Having looked around, it seems that the /proc/<PID>/syscall interface
was sneaked into the kernel.  The patch series which added it was
sent in 2008 with a covering message that made no mention of this new
interface, instead stating:

  http://lkml.iu.edu/hypermail/linux/kernel/0807.2/0551.html

   Most of these changes move code around with little or no change,
   and they should not break anything or change any behavior.

While that statement is absolutely correct, it doesn't highlight the
fact that the set of patches _also_ include a brand new userspace
interface exposing things like syscall numbers and arguments in /proc.

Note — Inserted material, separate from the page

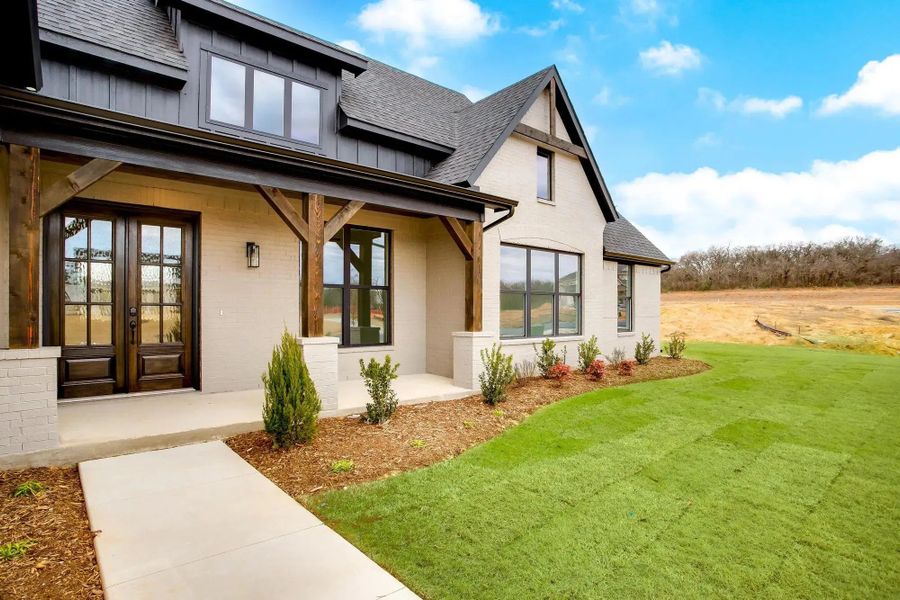 Representative exterior photo of a completed home built from the The Aubrey by Elmwood Custom Homes in Byrum Ranch, Maypearl, TX (Image 8).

There appears to be no documentation at all of this interface, so there
is no definition of how it is supposed to work or what it is supposed
to expose beyond what little information is in the original patch:

  http://lkml.iu.edu/hypermail/linux/kernel/0807.2/0577.html

   This adds /proc/PID/syscall and /proc/PID/task/TID/syscall magic files.
   These use task_current_syscall() to show the task's current system call
   number and argument registers, stack pointer and PC. For a task blocked
   but not in a syscall, the file shows "-1" in place of the syscall number,
   followed by only the SP and PC. For a task that's not blocked, it shows
   "running".

This really isn't a good place to be - this is why commit messages
should _not_ just describe what the changes are doing, also _why_ they
are being made.  Also, any new user interface needs to be fully and
properly documented, because years later, people will move away,
knowledge will be lost, and that leaves us with a maintainability
problem, exactly like we have right now with this.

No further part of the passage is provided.